- Your task
Take the line that holds "Egypt, Palestine and" and every line after it to the end of the entries, and repeat them exactly without the pictures.

- Input material
━━━

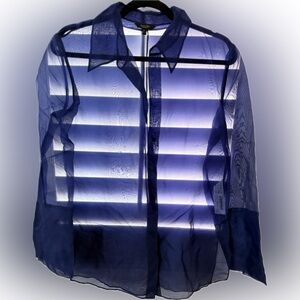 Massimo Dutti Women’s Deep Blue Sheer Shirt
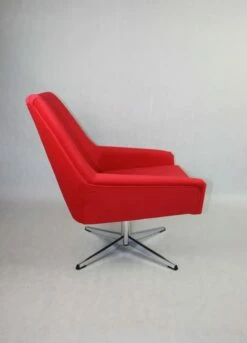 Red Swivel Chair Attributed To Veb Metallwaren Naumburg, 1980s -PAMONO Sales red swivel chair attributed to veb metallwaren naumburg 1980s 6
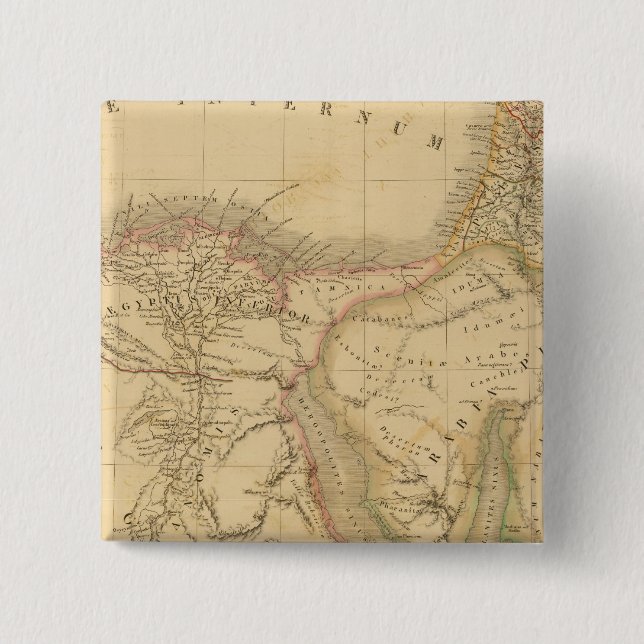 Egypt, Palestine and Arabia Map 2 Inch Square Button (Front)
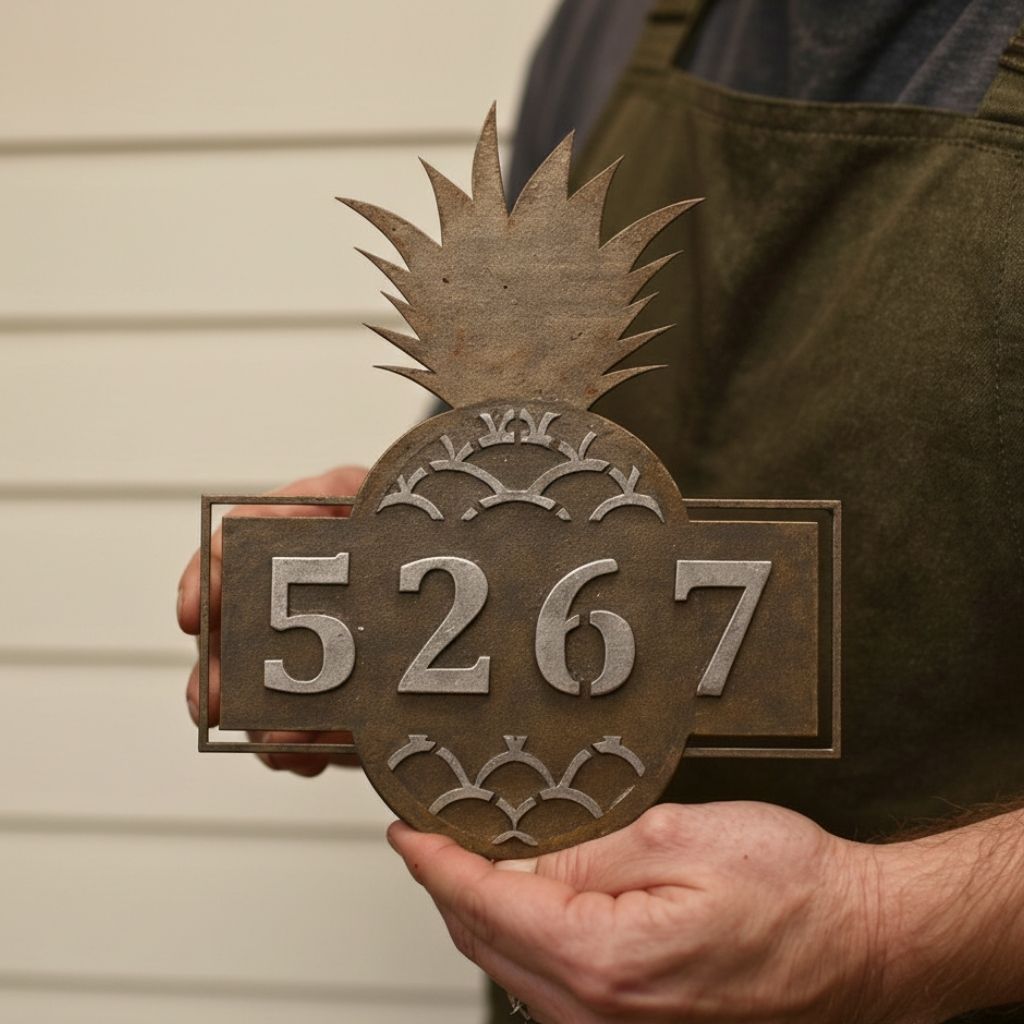 Personalized Pineapple House Numbers Metal Sign
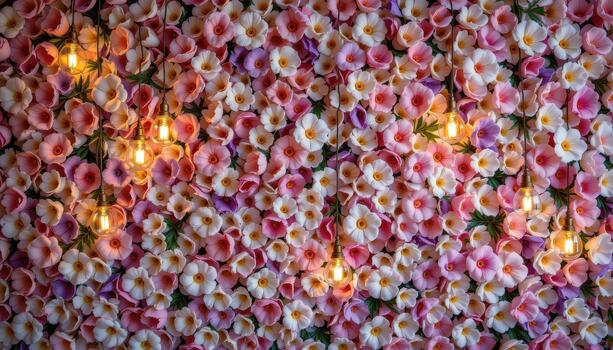 el lleno flor pared brilla suavemente con colgando vaso velas, creando fotogénico, soñador, y encantador vibras. foto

━━━

- Solved exercise
 Egypt, Palestine and Arabia Map 2 Inch Square Button (Front)
 Personalized Pineapple House Numbers Metal Sign
 el lleno flor pared brilla suavemente con colgando vaso velas, creando fotogénico, soñador, y encantador vibras. foto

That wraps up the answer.